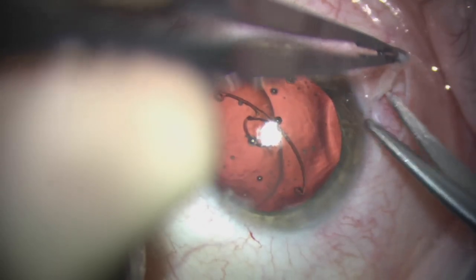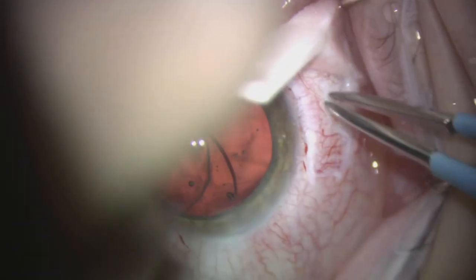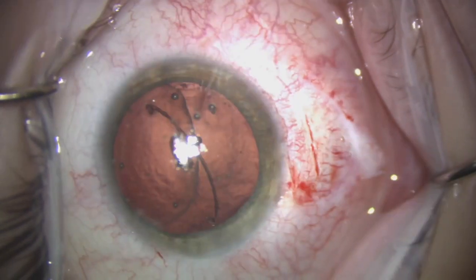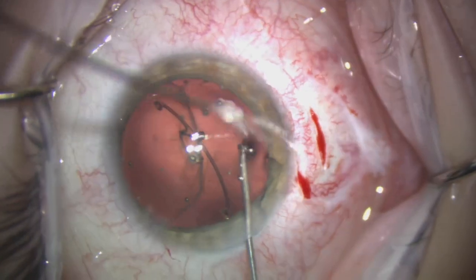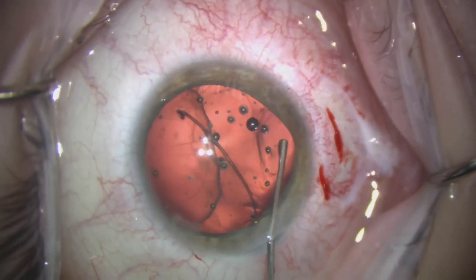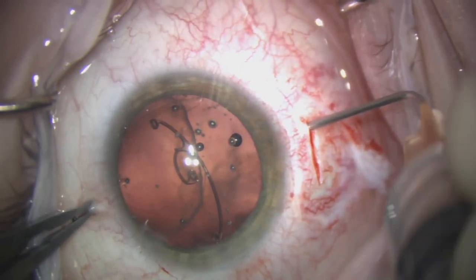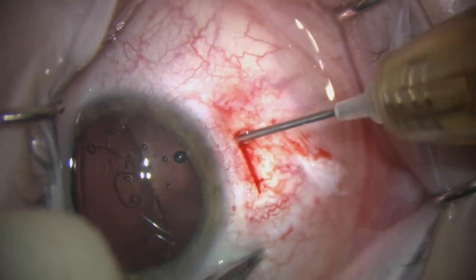We start by opening up the inferior conjunctiva. We proceed with a little cautery to the sclera, then make a groove a couple of millimeters back from the limbus. This groove will be used to pass our 25-gauge needle in order to exteriorize the Gore-Tex suture. A little more viscoelastic here to push back the anterior hyaloid once again. We then use a bent 25-gauge needle to create a track into the eye.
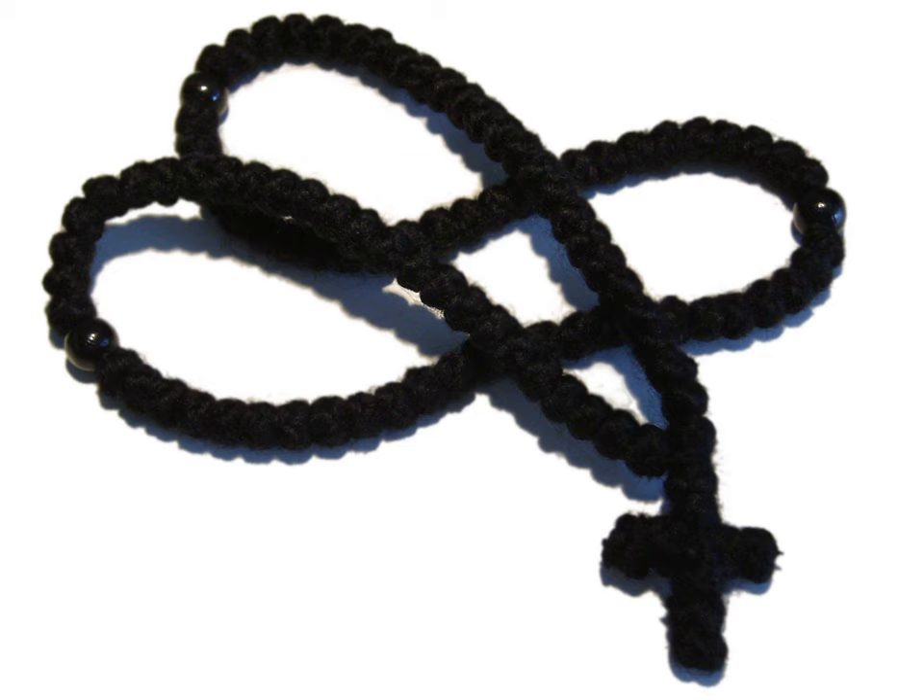A prayer rope, or vervika or vervitsa, is a loop made up of complex woven knots formed in a cross pattern, usually out of wool or silk. Prayer ropes are part of the practice of Eastern Orthodox and Eastern Catholic monks and nuns, and is employed by monastics to count the number of times one has prayed the Jesus Prayer or, occasionally, other prayers.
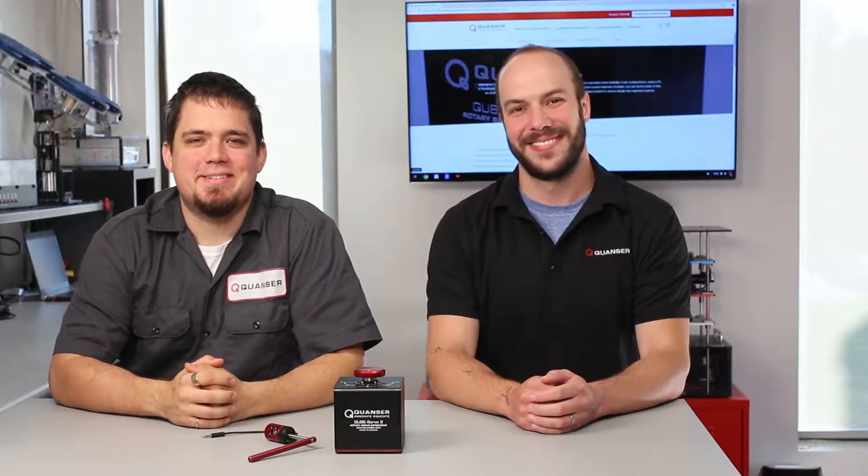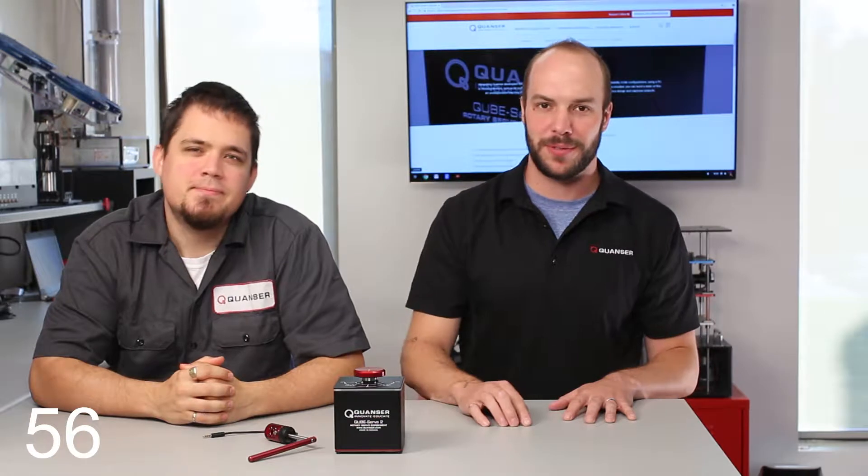Hey, I'm Simon. I'm Pete. This is 60 seconds or less. Get started. Tell me what this thing is. This is the Kwanzer CubeServo 2. It's a fully integrated and flexible rotary servo experiment.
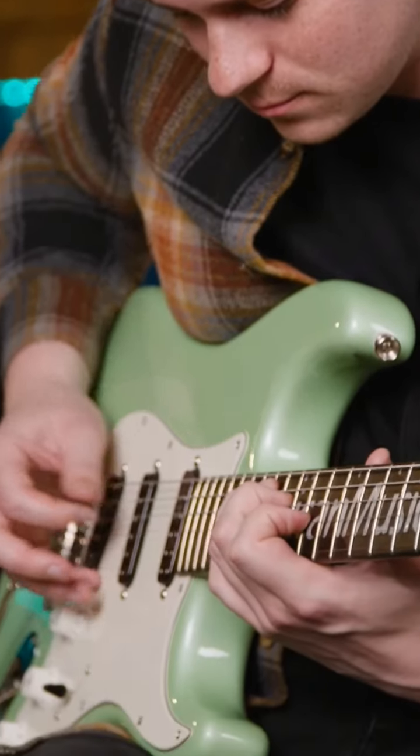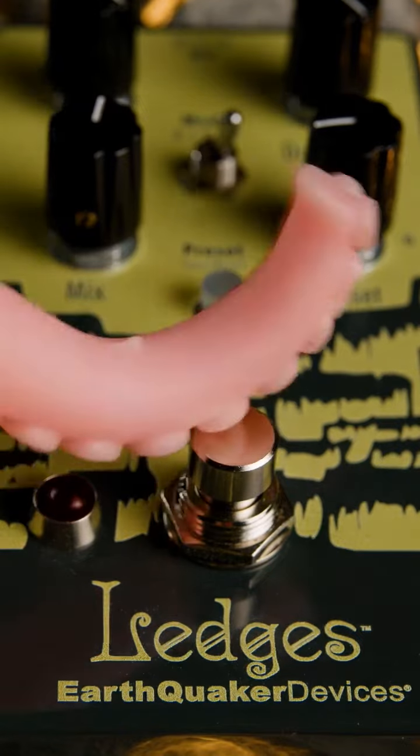When you're ready to take your guitar sound to the next level, grab an EQD Ledges Reverb Pedal and go higher.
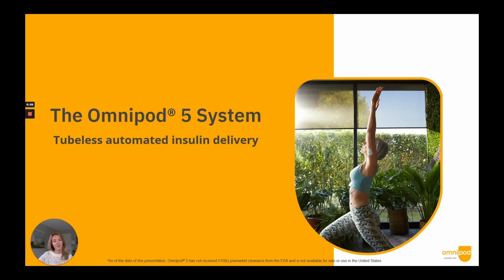Good afternoon, my name is Lindsay Philbrick, and I'm a Senior Marketing Director. I'm here today to share details on the Omnipod 5 automated insulin delivery system, which is currently under review by the FDA as the first tubeless AID system.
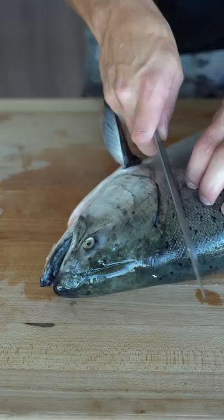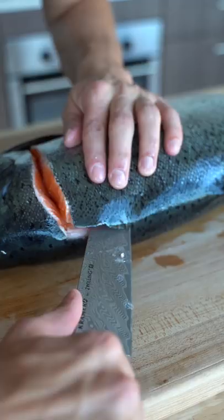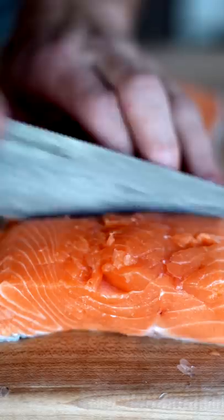Start with a clean incision right around the head — just look at that gorgeous meat. I'll begin cutting down the spine, then in one swift motion remove the belly. With a pair of pliers, take out all of the pin bones. Now we cut it into portions for our sushi roll.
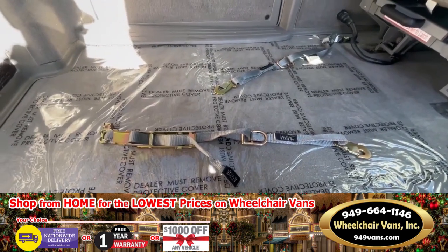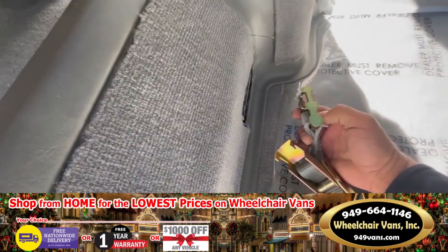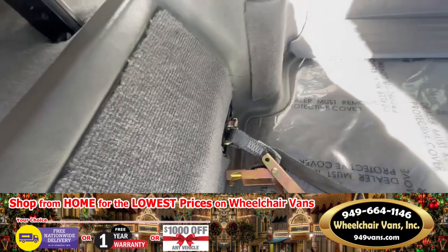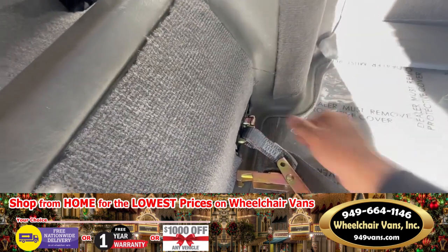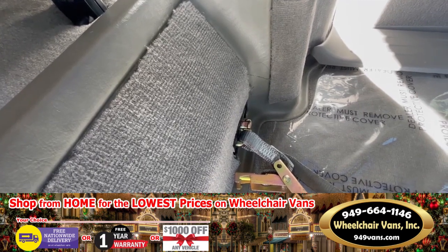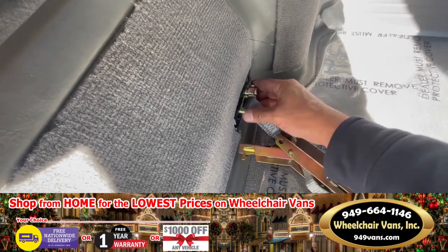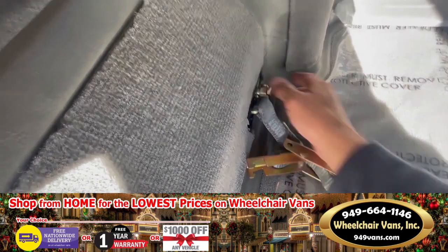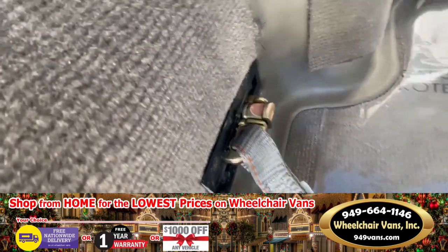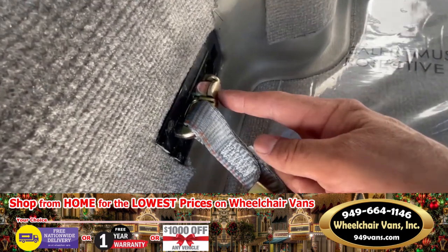Installing these particular wheelchair securement systems within the vehicle is fairly simple. You're going to take the golden teeth, match it, and simply push down and slide. You'll notice this particular item went all the way down, which confirms that it is secured. If the product is left so that the tab has not been fully pushed in, it is not secure — you have to make sure that tab goes all the way down.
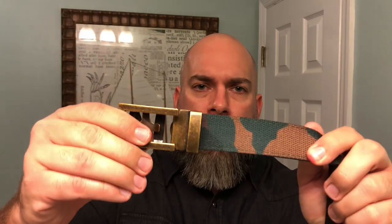I absolutely love these slide belt buckles and the ability to change out the different belts. Maybe you're not feeling that silver buckle — you can actually just pop that off very easily and throw on an antique gold one. Look at that, how easy that was. Gives that belt an entirely new look.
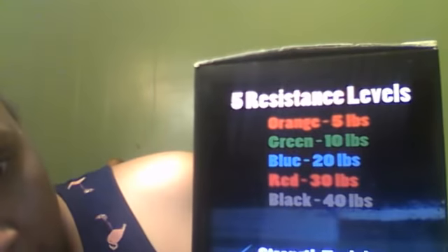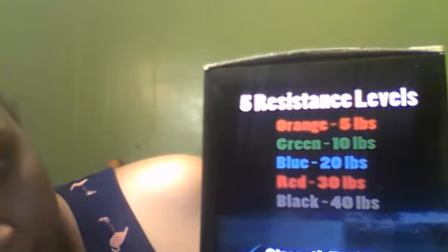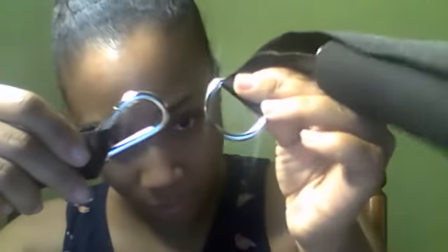The orange is five pounds, green is ten, blue is twenty, red is thirty, and the black is forty. What's awesome is there are heavy-duty snap ring connectors at the ends of each band, and you're able to connect them to the handles. You can not only use just one band, but you can stack them together if you want more resistance.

--- YOUR GOAL ---
Copy only the lines above from the one containing "When you're ready" through the one containing "Installing these particular", both included. Leave out the pictures.

--- ANSWER SPACE ---
When you're ready to take your guitar sound to the next level, grab an EQD Ledges Reverb Pedal and go higher.
Good afternoon, my name is Lindsay Philbrick, and I'm a Senior Marketing Director. I'm here today to share details on the Omnipod 5 automated insulin delivery system, which is currently under review by the FDA as the first tubeless AID system.
Start with a clean incision right around the head — just look at that gorgeous meat. I'll begin cutting down the spine, then in one swift motion remove the belly. With a pair of pliers, take out all of the pin bones. Now we cut it into portions for our sushi roll.
Installing these particular wheelchair securement systems within the vehicle is fairly simple. You're going to take the golden teeth, match it, and simply push down and slide. You'll notice this particular item went all the way down, which confirms that it is secured. If the product is left so that the tab has not been fully pushed in, it is not secure — you have to make sure that tab goes all the way down.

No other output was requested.